# Material for the task:
►

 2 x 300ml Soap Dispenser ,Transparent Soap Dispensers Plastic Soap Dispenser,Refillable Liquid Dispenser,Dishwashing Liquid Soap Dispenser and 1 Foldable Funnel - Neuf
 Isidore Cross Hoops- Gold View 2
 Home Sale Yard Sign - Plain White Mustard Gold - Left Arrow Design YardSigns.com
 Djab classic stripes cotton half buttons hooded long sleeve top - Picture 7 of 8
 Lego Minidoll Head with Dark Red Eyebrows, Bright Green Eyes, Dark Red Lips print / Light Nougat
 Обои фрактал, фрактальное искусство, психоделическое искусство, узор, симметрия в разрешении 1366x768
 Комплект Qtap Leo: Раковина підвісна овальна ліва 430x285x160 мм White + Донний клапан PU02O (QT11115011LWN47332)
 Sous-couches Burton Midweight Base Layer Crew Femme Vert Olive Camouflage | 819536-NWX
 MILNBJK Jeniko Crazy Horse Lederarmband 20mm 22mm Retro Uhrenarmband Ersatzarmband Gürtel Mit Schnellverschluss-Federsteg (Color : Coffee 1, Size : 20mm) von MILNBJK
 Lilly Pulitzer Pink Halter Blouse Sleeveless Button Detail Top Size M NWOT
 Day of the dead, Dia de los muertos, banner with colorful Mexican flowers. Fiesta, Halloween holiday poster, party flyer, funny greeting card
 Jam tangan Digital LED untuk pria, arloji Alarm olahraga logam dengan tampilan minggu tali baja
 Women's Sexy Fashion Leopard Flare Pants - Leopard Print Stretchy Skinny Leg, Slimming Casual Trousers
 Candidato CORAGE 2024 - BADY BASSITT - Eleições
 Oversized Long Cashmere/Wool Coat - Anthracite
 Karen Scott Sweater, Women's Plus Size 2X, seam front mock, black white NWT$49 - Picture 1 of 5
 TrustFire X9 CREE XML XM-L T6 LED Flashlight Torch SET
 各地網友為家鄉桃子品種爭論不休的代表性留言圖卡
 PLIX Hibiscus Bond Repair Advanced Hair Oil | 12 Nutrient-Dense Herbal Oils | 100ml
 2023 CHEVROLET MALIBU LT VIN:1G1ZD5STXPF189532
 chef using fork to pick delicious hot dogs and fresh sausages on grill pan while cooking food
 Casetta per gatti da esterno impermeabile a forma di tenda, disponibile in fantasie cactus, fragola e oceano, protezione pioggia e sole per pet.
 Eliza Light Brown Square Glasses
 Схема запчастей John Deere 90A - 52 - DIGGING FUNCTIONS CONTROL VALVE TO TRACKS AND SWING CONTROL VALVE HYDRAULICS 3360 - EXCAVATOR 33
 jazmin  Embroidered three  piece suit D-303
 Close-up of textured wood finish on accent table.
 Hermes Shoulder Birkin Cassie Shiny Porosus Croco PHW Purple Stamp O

◄

# Brief:
Would you reproduce the whole listing above, word for word?

# Written answer:
 2 x 300ml Soap Dispenser ,Transparent Soap Dispensers Plastic Soap Dispenser,Refillable Liquid Dispenser,Dishwashing Liquid Soap Dispenser and 1 Foldable Funnel - Neuf
 Isidore Cross Hoops- Gold View 2
 Home Sale Yard Sign - Plain White Mustard Gold - Left Arrow Design YardSigns.com
 Djab classic stripes cotton half buttons hooded long sleeve top - Picture 7 of 8
 Lego Minidoll Head with Dark Red Eyebrows, Bright Green Eyes, Dark Red Lips print / Light Nougat
 Обои фрактал, фрактальное искусство, психоделическое искусство, узор, симметрия в разрешении 1366x768
 Комплект Qtap Leo: Раковина підвісна овальна ліва 430x285x160 мм White + Донний клапан PU02O (QT11115011LWN47332)
 Sous-couches Burton Midweight Base Layer Crew Femme Vert Olive Camouflage | 819536-NWX
 MILNBJK Jeniko Crazy Horse Lederarmband 20mm 22mm Retro Uhrenarmband Ersatzarmband Gürtel Mit Schnellverschluss-Federsteg (Color : Coffee 1, Size : 20mm) von MILNBJK
 Lilly Pulitzer Pink Halter Blouse Sleeveless Button Detail Top Size M NWOT
 Day of the dead, Dia de los muertos, banner with colorful Mexican flowers. Fiesta, Halloween holiday poster, party flyer, funny greeting card
 Jam tangan Digital LED untuk pria, arloji Alarm olahraga logam dengan tampilan minggu tali baja
 Women's Sexy Fashion Leopard Flare Pants - Leopard Print Stretchy Skinny Leg, Slimming Casual Trousers
 Candidato CORAGE 2024 - BADY BASSITT - Eleições
 Oversized Long Cashmere/Wool Coat - Anthracite
 Karen Scott Sweater, Women's Plus Size 2X, seam front mock, black white NWT$49 - Picture 1 of 5
 TrustFire X9 CREE XML XM-L T6 LED Flashlight Torch SET
 各地網友為家鄉桃子品種爭論不休的代表性留言圖卡
 PLIX Hibiscus Bond Repair Advanced Hair Oil | 12 Nutrient-Dense Herbal Oils | 100ml
 2023 CHEVROLET MALIBU LT VIN:1G1ZD5STXPF189532
 chef using fork to pick delicious hot dogs and fresh sausages on grill pan while cooking food
 Casetta per gatti da esterno impermeabile a forma di tenda, disponibile in fantasie cactus, fragola e oceano, protezione pioggia e sole per pet.
 Eliza Light Brown Square Glasses
 Схема запчастей John Deere 90A - 52 - DIGGING FUNCTIONS CONTROL VALVE TO TRACKS AND SWING CONTROL VALVE HYDRAULICS 3360 - EXCAVATOR 33
 jazmin  Embroidered three  piece suit D-303
 Close-up of textured wood finish on accent table.
 Hermes Shoulder Birkin Cassie Shiny Porosus Croco PHW Purple Stamp O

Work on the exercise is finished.